“Supergirl,” an action-adventure drama about the “hot” 24- year-old cousin of Superman who decides to embrace her superhuman abilities after keeping them a secret during her first 12 years on Earth, premieres at 8:31 p.m. Monday on CBS.
Even before the first episode aired it gained national attention as Republican presidential candidate Jeb Bush, in answer to a media question, described the series star as “hot.” He’d seen her on a TV commercial advertising the upcoming series.
“Supergirl’s” roots date back to the May 1959 edition of Action Comics, which spawned a 1984 film starring Helen Slater, who makes a cameo appearance in tonight’s episode.
“Supergirl” received a spot on the CBS schedule in part because of what CBS Entertainment Chairman Nina Tassler called a “fantastic pitch” by executive producers Greg Berlanti and Ali Adler.
“We were really excited and interested to hear the pitch,” Tassler said during CBS’ portion of the Television Critics Association Summer Press Tour.
“By the end of it, literally we fell in love with the character. We fell in love with the story. She’s eminently relatable. The journey they were taking the character we felt just spoke to sort of where today’s generation is.
“We also really responded to the fact that it had a very broad appeal, so we felt that we could have genre fans but we also felt … it was a great workplace comedy.”

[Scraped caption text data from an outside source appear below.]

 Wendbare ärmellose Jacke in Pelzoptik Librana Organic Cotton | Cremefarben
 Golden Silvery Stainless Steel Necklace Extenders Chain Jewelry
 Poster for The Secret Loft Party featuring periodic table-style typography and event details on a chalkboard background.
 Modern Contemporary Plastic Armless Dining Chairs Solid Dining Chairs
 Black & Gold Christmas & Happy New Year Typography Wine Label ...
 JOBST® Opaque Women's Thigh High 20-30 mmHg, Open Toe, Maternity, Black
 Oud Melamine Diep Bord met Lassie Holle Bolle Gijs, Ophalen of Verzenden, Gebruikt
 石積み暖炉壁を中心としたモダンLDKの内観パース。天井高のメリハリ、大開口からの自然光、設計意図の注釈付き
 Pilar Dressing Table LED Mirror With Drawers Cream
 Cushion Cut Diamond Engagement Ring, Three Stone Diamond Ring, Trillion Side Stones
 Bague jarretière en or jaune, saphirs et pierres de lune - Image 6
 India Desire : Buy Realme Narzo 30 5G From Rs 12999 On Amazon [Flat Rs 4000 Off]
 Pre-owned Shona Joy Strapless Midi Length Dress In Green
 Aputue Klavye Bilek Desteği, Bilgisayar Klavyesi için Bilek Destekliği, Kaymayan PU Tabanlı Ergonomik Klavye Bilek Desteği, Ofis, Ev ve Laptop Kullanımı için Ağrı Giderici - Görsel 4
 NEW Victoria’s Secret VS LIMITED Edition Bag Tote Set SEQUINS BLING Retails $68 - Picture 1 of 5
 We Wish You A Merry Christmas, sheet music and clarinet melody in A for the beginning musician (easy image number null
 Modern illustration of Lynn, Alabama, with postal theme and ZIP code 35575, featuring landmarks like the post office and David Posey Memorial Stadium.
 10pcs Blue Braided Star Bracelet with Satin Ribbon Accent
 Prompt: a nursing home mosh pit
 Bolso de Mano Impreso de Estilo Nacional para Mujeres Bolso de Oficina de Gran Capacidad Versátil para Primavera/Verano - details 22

Tassler said she is confident “Supergirl” will both “bring in new viewers” to CBS and be “very appealing to our big CBS fans.”
Melissa Benoist stars as Kara Danvers, a latte-fetching assistant to media mogul Cat Grant (Calista Flockhart). When her foster sister Alex (Chyler Leigh) is on an airplane experiencing engine trouble, Danvers uses her super powers to bring the plane to a safe landing.
The cast also includes Mehcad Brooks as Pulitzer Prize-winning Daily Planet photographer James Olson, the newly hired art director of the National City Tribune, one of Grant’s media holdings, and Jeremy Jordan as information technology technician Winn Scott.
Benoist was previously best known for her portrayal of transfer student Marley Rose on the fourth and fifth seasons of Fox’s musical comedy-drama “Glee.” She was the first person to audition for the role of Kara Danvers, according to executive producer Andrew Kreisberg.
“As soon as we saw her, we just knew she was the one,” Kreisberg said. “She had the strength, the hope, the heart, the humor and just that instant likability.”
Supergirl will be put “in situations where she isn’t all powerful, so that you can root for her,” said Kreisberg, who co-wrote the script for tonight’s episode with Berlanti and Adler.
“I think sometimes there’s a tendency with Superman to sort of make him so powerful that there isn’t any danger,” Kreisberg said. “Going in week in, week out you want to feel like Supergirl might not survive any of these things. A lot of that is based on the comics (where) there are plenty of things besides Kryptonite that can take her down.”
Berlanti, who is also an executive producer of two CW series based on DC Comics superheroes, “Arrow” and “The Flash,” told City News Service that “Supergirl’s” producers “made a promise to ourselves” that its action sequences won’t be different than his other series because it features a woman.
“Where Supergirl gets a thrashing, Flash or Arrow would have gotten a thrashing,” Berlanti said. “When (she comes) through in the end, its where our male heroes would have come through in the end.
“It was interesting in testing to watch the audience’s response to that. At the thrashing Supergirl got, they were uncomfortable. They hadn’t seen a lot of that. They were equally satisfied by her victory in the end. It gave us the confidence to go forward and replicate that, to not hold back because this happens to be about a woman.”